USA Today has chosen him as one of the top five coaches in Florida for high school girls basketball and has opened voting to the public to crown the best coach in each state. Fans can visit USA Today through Feb. 24 to choose their favorite coach. State winners and two wild cards will advance to a regional round, followed by regional winners and two wild cards moving on to a national round.
Harder was in the news last weekend for his team winning the Class 5A-Region 3 championship game. The Lady Seminoles of Southeast High School in Bradenton, Fla., now head to state and play their first game Friday.
“I’m going to put my money on Southeast just because I love these kids,” Harder said. “I know how hard they’ve worked.”
He has already won two state titles with the Lady Seminoles and is leading them to state for the fifth time.
“It has been 10 years (since the last state game). And it was a rush of joy and satisfaction that came back over me, thinking that there was another chance to go back,” he said.
The 65-year-old social studies teacher also made headlines in December when he won his 700th career victory with the Lady Seminoles. That win made him the 14th coach in Florida high school history to win 700 games.
His team continues on a winning streak, with 720 wins, 25 straight victories and a 29-1 record.
In his state trophy case, Harder has collected seven basketballs, each recording 100 wins and the signatures of his players.

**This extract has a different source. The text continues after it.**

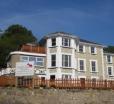 Shanklin Villa Apartments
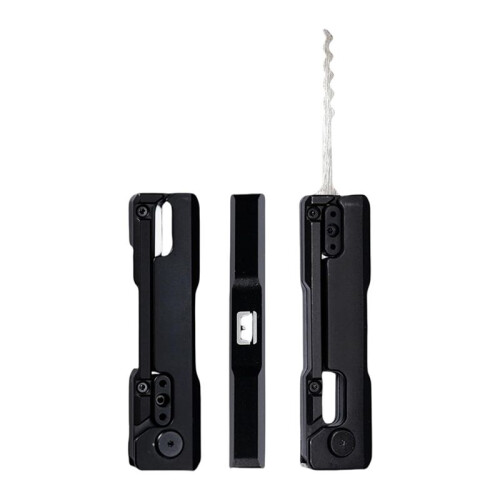 2X Grav Pick Pick Outdoor Multi-Tool Outdoor Essential Tool 2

In the 1990s, he achieved a 72-game winning streak that spanned a decade against opponents in Manatee County, Fla.
As one of five public high schools in Bradenton, Southeast is in a tough neighborhood, where children grow up poor, said Harder, a native of Calumet City, Ill.
But he can relate to his students and their struggles since he grew up in a blue-collar town.
“It’s always been a little bit harder for us at Southeast.” Harder said, “and it just happens to be my last name.”
His popularity with the students is evident. For seven straight years, he has been voted the Golden Nole (short for Seminole) by Southeast students for being an outstanding teacher.
Harder has 40 years of experience as a coach and teacher. Before moving to Florida to coach the Lady Seminoles, he coached high school boys basketball for 10 years in Illinois.
He earned a master’s degree in physical education from NIU in 1975 and a bachelor’s degree in social science from Southern Illinois University at Carbondale in 1970.
“That master’s degree in education, with a major in PE, and the experience that I had as a student got me where I’m at today,” said Harder, who recalled starting to love basketball during education classes at NIU.